Runs 27 test cases covering all documented features
Compares output between optimized and legacy versions
Profiles memory usage and performance
Reports any differences or regressions

Test categories include:

Basic coalescent simulations
Recombination and gene conversion
Multiple populations with migration
Selection (hard/soft/partial sweeps)
Complex demographic scenarios
Stress tests with extreme parameters

Focused Validation Suite

For rapid testing during development:

cd testing/
./focused_validation_suite.sh

This runs a subset of critical tests for quick feedback.

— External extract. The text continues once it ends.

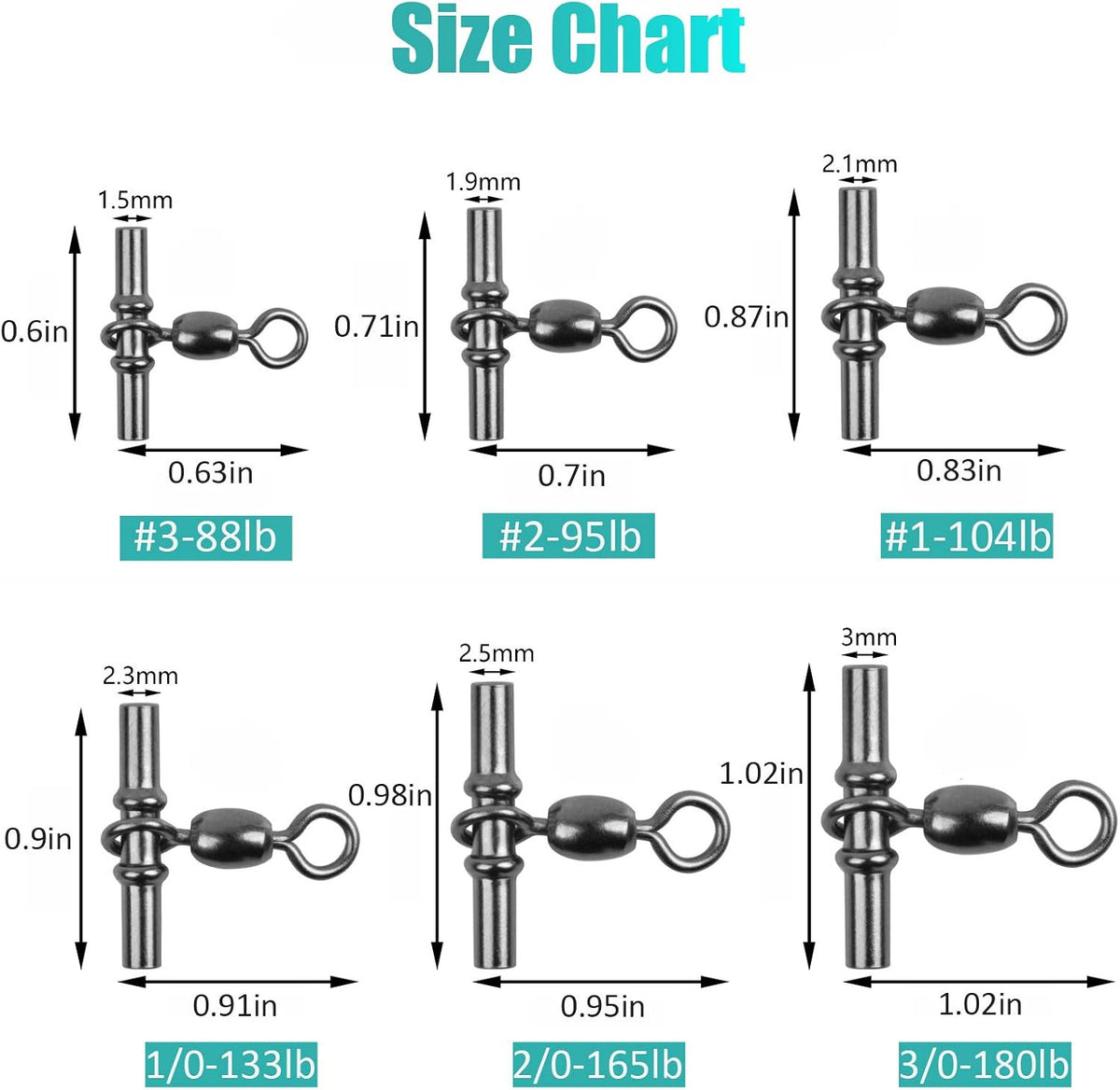 Heavy Duty 3-Way Swivels for Deep Drop Rigs Saltwater Fishing Tackle - 25 pcs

Statistical Validation Suite

To ensure optimizations don’t introduce statistical biases:

cd testing/
./statistical_validation_suite.sh              # 100 replicates, auto mode
./statistical_validation_suite.sh parallel 50  # 50 replicates, parallel mode
./statistical_validation_suite.sh 200          # 200 replicates

This suite:

Runs multiple replicates of each test case
Extracts segregating sites statistics
Performs Kolmogorov-Smirnov tests
Verifies distributions are statistically equivalent

msprime Comparison Suite

To validate discoal against the well-established msprime coalescent simulator:

cd testing/
./msprime_comparison_suite.sh

This suite compares discoal and msprime across:

Neutral models with and without recombination
Various sample sizes and mutation rates
Selection models (hard sweeps with different strengths and ages)

The comparison includes runtime performance metrics and statistical tests to ensure equivalent output distributions.

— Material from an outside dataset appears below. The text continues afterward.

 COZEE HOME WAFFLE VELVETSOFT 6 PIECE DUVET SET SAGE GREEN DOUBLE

Parameter Scaling for msprime Comparisons

When comparing discoal with msprime, careful parameter conversion is required due to different conventions:

Population Size: discoal uses scaled parameters assuming Ne=1. For msprime, we use Ne=0.5 with diploid samples (n_samples/2) and ploidy=2 to match discoal’s haploid output.
Mutation Rate:
- discoal: θ = 4 × Ne × μ × L (over whole locus)
- msprime: mutation_rate = θ / (4 × Ne × L) (per base pair)
Recombination Rate:
- discoal: ρ = 4 × Ne × r × L
- msprime: recombination_rate = ρ / (4 × Ne × L)
Selection Coefficient (for sweeps):
- discoal: α = 2 × Ne × s
- msprime: s = α / (2 × Ne) × 2 (factor of 2 for msprime’s fitness model)
Sweep Timing:
- When τ > 0 in discoal, we rescale to Ne=0.25 in msprime for consistent time units
- Allele frequencies use the original Ne to ensure valid [0,1] bounds

These scaling conventions ensure that both simulators produce statistically equivalent results, as validated by the comparison suite.

Development Workflow

Create a feature branch from the main development branch
Make changes to the code

Run focused tests frequently during development:

cd testing/ && ./focused_validation_suite.sh

Run comprehensive tests before committing:

cd testing/ && ./comprehensive_validation_suite.sh

Document performance improvements in commit messages
Submit pull request with test results

Code Organization

Key source files:

discoal_multipop.c: Main program entry and command-line parsing
discoalFunctions.c: Core simulation functions
alleleTraj.c: Allele trajectory calculations for sweeps
ancestrySegment.c: Memory-efficient ancestry tracking
activeSegment.c: Active material tracking
discoal.h: Main header with data structures

Memory Optimizations

Recent optimizations have achieved significant memory reductions:

Dynamic allocation for all major arrays
Segment trees for ancestry tracking (80% reduction)
Reference counting for segment sharing (10-16% additional reduction)
AVL tree indexing for high-recombination scenarios
Memory-mapped files for sweep trajectories

When developing, maintain these optimizations and ensure new features don’t regress memory usage.

Documentation

To build the documentation locally:

cd docs/
make html

View the built documentation:

open _build/html/index.html  # macOS
xdg-open _build/html/index.html  # Linux

Before submitting changes, ensure documentation is updated for any new features or parameter changes.